## PROBLEM STATEMENT
Would you return the lines between the one holding "All solid wood" and the one holding "Framed Canvas Wall", inclusive, and only those, exactly as they stand in the listing below?

## DATA EXTRACT
=== Begin Enclosure ===
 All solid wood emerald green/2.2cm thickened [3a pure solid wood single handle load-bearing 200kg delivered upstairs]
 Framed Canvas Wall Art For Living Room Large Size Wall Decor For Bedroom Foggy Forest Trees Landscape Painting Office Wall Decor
=== End Enclosure ===
=== Begin Enclosure ===
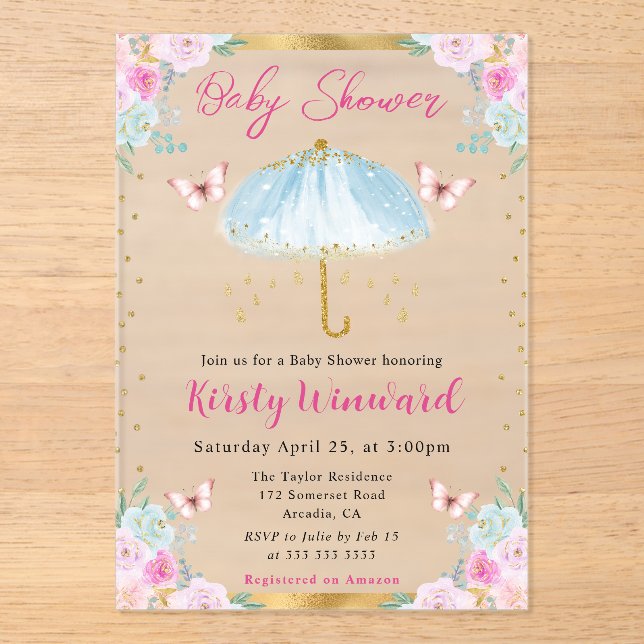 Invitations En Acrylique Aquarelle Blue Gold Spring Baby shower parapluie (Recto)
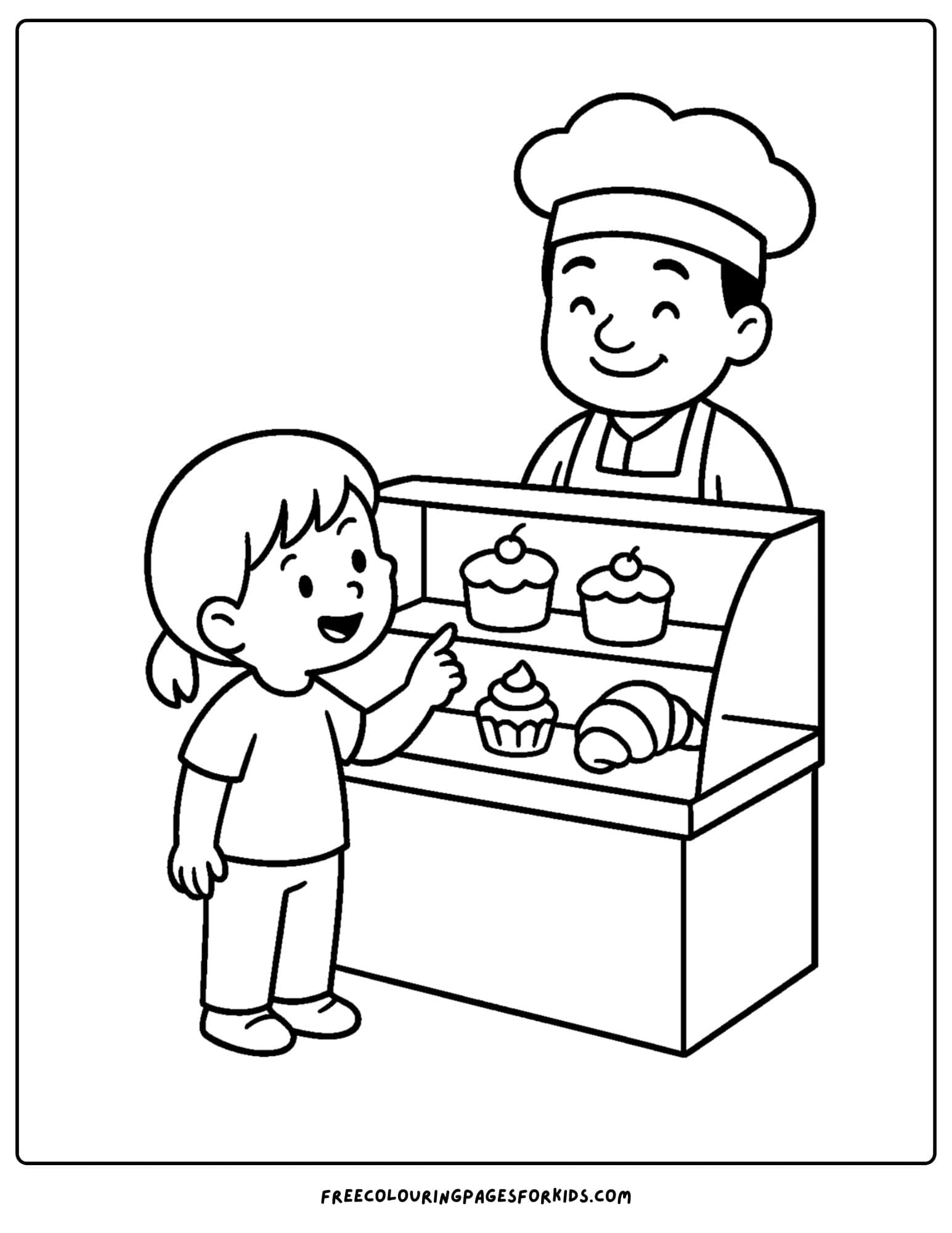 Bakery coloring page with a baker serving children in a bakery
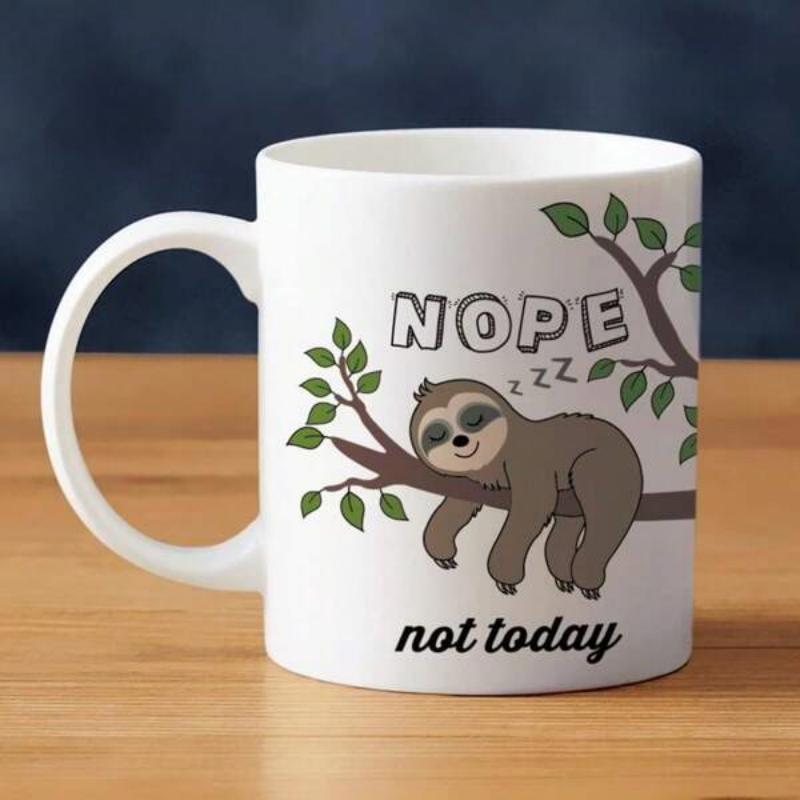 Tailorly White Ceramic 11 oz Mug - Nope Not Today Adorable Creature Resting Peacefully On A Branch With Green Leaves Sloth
=== End Enclosure ===
## RESPONSE FOR THIS EXERCISE
 All solid wood emerald green/2.2cm thickened [3a pure solid wood single handle load-bearing 200kg delivered upstairs]
 Framed Canvas Wall Art For Living Room Large Size Wall Decor For Bedroom Foggy Forest Trees Landscape Painting Office Wall Decor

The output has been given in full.